If the Kansas Savings Bank, whose assignee was defendant below, took title in 1890, this creditor’s suit to obtain relief on the ground of fraud, having been brought in 1895, was barred by the statute of limitations. It will be noticed that a formal deed was made by the Arkansas Valley Land & Loan Company to the Kansas Savings Bank March 22, 1893, six days after the land was attached by Taylor ; and judgment being rendered in the action, it was of course subject to the attachment and judgment lien. The land was ordered sold to satisfy the lien of the attachment, and the plaintiff below might have issued an execution, sold the property, and applied the proceeds to the payment of his judgment.
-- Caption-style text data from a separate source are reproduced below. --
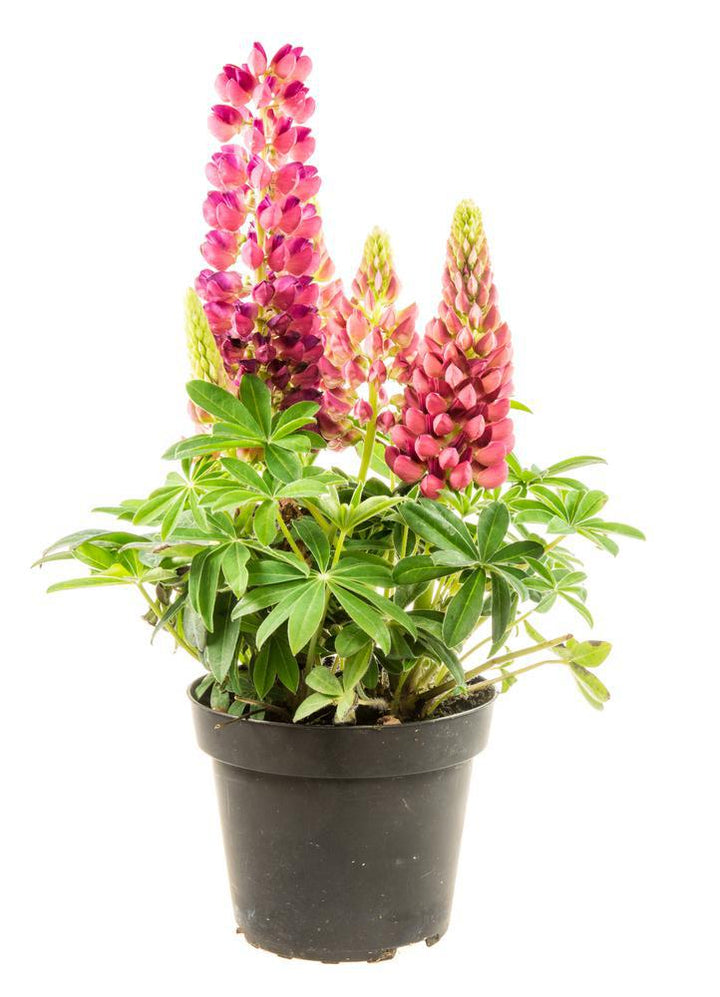 Quart Perennial Lupinus (Lupine)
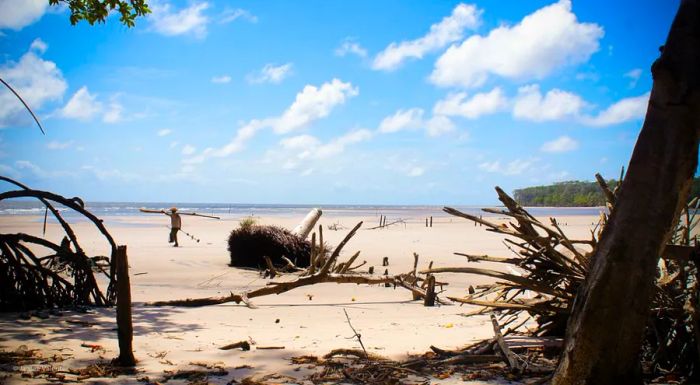 Ilha do Marajó has the atmosphere of a remote, uninhabited island. However, this sizable landmass in the Amazon River actually hosts a thriving community.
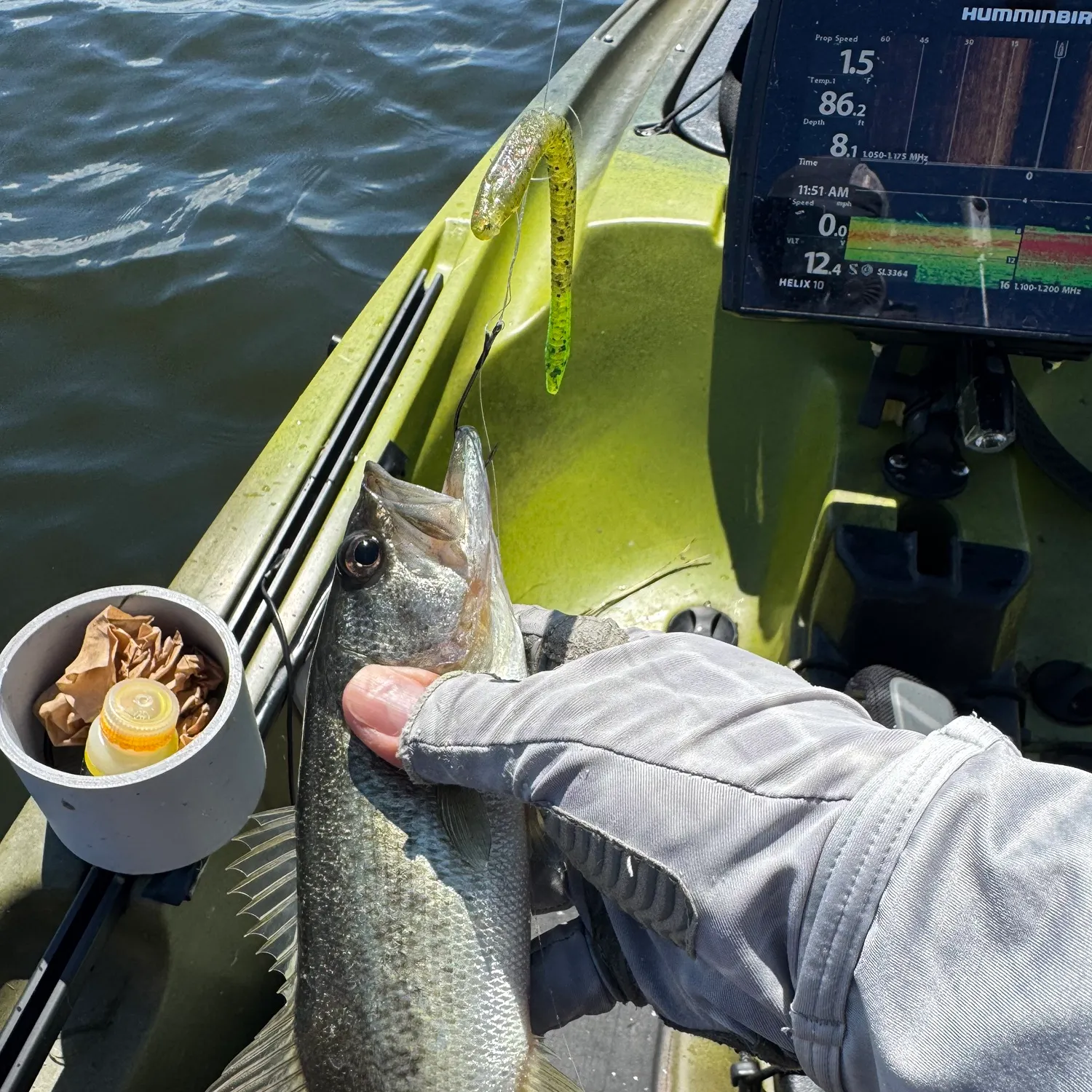 Largemouth bass caught on Fishbrain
This was an adequate remedy at law. He needed no aid from a court of equity to set aside a conveyance made after his attachment lien had been fixed upon the land, which attachment was sustained and the property ordered sold to satisfy the debt.

If the bank took title to the real estate in 1890 by succeeding to all the rights and assets of the Arkansas Valley Land & Loan Company, then the suit of plaintiff below was clearly barred by limitation, having been commenced in 1895, more than two years after he was in a position, as a judgment creditor, to maintain a creditor’s suit. If the bank took title by the deed of the 22d of March, 1893, after the land was attached by Taylor, then the latter, on obtaining judgment, had a right to sell the same on execution; and thus, haying an adequate remedy at law, he cannot maintain this equitable action. (Stanton v. Catron, 45 Pac. [N. M.] 884.)

The judgment of the court below will be affirmed.